I look at them with my sympathetic eyes and say, "Are you ok?" as motherly as I can. I'm not being fake but I don't take it personally. The more you accept other people's "uniqueness", the better off you are.

To be honest - I mostly ignore those things because my immediate team is free of drama. What sometimes happens is that somebody who is stressed out and makes everything an emergency tries to suck me into their world by calling a lot, trying to push their agenda, and what not.

I just stay calm,model calm behavior, do not take on their stuff and do my job. Sometimes I set some boundaries or I re-focus that person but I am usually friendly, calm, and helpful. Mind you - that is something that did not come easy to me as I used to be more outspoken and more direct. It is easy to get sucked into another person's drama/stress/anxiety because they tend to circle in their own reality and make it their mission to make it your mission....People can get quite unpleasant at times when they feel that they have a pressing need for something that I do not support. Sometimes just saying "I am sorry you are stressed, it seems to be a busy day" and allow for some empathic listening and them venting can make a huge difference.

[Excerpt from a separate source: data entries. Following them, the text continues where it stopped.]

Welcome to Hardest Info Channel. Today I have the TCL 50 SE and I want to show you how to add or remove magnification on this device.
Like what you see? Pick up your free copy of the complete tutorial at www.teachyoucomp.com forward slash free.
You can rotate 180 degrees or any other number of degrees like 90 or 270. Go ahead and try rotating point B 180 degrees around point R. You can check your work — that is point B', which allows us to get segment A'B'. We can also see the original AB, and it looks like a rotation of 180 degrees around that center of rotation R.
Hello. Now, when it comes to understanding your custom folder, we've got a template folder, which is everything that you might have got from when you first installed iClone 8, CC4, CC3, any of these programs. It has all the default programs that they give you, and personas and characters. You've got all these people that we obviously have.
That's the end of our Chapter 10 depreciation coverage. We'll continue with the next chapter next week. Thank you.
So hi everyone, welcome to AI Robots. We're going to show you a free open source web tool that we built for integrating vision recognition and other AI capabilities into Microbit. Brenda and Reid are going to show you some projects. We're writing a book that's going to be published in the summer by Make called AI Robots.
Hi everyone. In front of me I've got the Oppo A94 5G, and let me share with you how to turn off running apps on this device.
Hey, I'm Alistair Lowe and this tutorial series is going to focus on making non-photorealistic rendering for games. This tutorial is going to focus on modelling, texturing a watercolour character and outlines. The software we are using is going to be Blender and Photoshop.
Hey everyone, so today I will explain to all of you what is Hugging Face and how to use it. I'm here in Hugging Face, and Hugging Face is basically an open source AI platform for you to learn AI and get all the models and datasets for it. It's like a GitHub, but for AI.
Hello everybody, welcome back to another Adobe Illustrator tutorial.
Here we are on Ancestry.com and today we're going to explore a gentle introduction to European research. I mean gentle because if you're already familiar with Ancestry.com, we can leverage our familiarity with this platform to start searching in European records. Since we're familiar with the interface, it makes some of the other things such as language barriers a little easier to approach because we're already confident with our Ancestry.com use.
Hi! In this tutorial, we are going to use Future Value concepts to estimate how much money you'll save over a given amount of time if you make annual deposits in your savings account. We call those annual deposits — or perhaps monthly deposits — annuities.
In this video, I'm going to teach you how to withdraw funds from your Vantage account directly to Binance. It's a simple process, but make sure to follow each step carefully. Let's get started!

One place I worked at years ago had a nurse who was always high drama every single day because she had anxiety and was basically overwhelmed with the workload. The team was very tight knit and responsive so when she would ask for people to help her with this or that people would usually help because she was stressed. After a while it became her go-to strategy to ask a variety of other nurses to do tasks for her resulting her getting out on time every single day, while the other nurses usually stayed longer like half an hour or so. It did not take long for everybody to figure out that they had been enabling her and she never developed any strategies to deal with her assignments. They stopped doing tasks for her as they felt used and she left shortly after to find a different job with less stress.